Acheter des médicaments dans des Etats membres de l’Union européenne dont le système de santé offre des médicaments à des prix peu élevés pour les revendre plus chers dans d’autres pays, tel est le principe des importations parallèles. Elles sont légales, mais la réglementation est très stricte : les médicaments doivent avoir obtenu une double AMM (dans le pays d’origine et en France), bénéficier d’un reconditionnement adapté, d’une notice traduite, et être importés par des intermédiaires agréés.
Elles sont plus rares en France, compte tenu du niveau du prix peu élevé des produits.

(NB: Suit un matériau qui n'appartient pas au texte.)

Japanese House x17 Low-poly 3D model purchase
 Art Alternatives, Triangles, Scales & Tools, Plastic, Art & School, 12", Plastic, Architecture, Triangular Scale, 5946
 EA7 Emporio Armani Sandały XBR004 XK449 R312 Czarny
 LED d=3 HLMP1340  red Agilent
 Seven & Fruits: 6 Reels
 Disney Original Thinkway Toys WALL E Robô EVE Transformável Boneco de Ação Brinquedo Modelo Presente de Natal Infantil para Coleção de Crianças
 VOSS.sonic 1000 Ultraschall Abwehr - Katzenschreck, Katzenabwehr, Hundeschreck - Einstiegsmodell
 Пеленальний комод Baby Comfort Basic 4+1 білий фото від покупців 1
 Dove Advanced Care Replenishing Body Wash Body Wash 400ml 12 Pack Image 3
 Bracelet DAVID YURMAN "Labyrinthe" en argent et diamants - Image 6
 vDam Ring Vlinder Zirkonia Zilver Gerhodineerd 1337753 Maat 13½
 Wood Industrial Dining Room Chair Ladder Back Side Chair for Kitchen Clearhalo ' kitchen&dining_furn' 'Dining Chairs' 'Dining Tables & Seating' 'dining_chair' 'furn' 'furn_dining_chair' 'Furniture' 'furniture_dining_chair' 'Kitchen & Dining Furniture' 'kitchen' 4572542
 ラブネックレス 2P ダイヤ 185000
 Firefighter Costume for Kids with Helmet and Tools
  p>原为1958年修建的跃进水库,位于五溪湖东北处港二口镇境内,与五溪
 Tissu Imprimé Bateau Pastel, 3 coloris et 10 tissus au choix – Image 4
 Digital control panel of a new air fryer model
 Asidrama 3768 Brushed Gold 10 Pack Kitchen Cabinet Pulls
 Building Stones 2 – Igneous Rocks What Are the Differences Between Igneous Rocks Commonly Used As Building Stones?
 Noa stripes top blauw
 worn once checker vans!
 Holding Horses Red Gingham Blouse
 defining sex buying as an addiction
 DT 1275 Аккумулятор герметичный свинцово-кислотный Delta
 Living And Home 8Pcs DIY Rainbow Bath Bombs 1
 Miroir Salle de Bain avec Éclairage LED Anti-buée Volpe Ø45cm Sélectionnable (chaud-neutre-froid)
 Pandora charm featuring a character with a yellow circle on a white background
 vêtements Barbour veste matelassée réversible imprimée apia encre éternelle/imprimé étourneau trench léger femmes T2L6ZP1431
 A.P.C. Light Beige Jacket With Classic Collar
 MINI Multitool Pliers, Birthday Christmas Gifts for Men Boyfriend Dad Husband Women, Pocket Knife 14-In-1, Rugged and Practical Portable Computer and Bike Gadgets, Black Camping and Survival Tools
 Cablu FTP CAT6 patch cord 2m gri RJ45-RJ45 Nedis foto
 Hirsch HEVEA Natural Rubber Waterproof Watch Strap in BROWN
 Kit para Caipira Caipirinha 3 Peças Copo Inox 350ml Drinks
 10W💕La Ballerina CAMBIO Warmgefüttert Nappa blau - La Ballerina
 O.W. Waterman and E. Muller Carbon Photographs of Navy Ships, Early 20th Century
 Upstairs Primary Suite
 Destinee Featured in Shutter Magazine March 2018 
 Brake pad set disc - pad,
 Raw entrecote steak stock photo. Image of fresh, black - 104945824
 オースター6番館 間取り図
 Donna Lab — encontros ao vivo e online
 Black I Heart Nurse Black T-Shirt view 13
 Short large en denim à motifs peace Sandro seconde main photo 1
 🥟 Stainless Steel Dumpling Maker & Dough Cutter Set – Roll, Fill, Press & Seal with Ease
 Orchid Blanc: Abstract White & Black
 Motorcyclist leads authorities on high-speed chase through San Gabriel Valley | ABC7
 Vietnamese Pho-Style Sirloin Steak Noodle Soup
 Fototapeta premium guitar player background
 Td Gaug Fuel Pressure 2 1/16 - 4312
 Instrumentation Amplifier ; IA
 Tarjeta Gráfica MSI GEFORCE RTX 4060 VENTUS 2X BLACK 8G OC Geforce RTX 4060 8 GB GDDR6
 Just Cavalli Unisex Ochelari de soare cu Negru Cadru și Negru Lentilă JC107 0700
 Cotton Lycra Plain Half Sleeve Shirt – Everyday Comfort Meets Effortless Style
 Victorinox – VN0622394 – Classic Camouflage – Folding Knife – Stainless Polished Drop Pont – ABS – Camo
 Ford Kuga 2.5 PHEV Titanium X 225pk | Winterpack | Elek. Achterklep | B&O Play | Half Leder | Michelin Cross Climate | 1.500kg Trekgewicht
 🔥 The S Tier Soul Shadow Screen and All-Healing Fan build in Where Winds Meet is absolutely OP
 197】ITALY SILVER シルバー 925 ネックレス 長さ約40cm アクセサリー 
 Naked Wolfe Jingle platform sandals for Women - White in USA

Risque du dispositif : favoriser la diffusion de médicaments illicites. Les contrefacteurs peuvent en effet tenter de faire passer de faux médicaments pour des médicaments d’importation parallèle. Repérer les produits contrefaits est d’autant plus difficile qu’une fois les médicaments reconditionnés (ce qui est légal), l’origine apparaissant sur la boîte est celle du pays de transit et non celle du pays producteur.

Peut-on acheter des médicaments sur Internet ?

En théorie, non. Dans les faits, oui. En pratique, il ne faut pas ! La législation française sur l’achat de médicaments dissuade ce genre de pratique : l’AMM, la prescription (uniquement sur ordonnance), et le monopole pharmaceutique (qui réserve aux seuls pharmaciens la vente de médicaments), garantissent la qualité et la sécurité des médicaments vendus en France. S’y ajoute la prise en charge des frais de santé par la Sécurité sociale, qui favorise également le recours au circuit officiel de distribution des médicaments.

Si se procurer des médicaments sur Internet est simple, le risque est considérable : les acheteurs n’ont aucune garantie de la qualité des produits reçus. Comment savoir qu’il ne s’agit pas de contrefaçon ? En outre, en court-circuitant le médecin et le pharmacien, cet accès prive le patient des conseils indispensables au bon usage du médicament.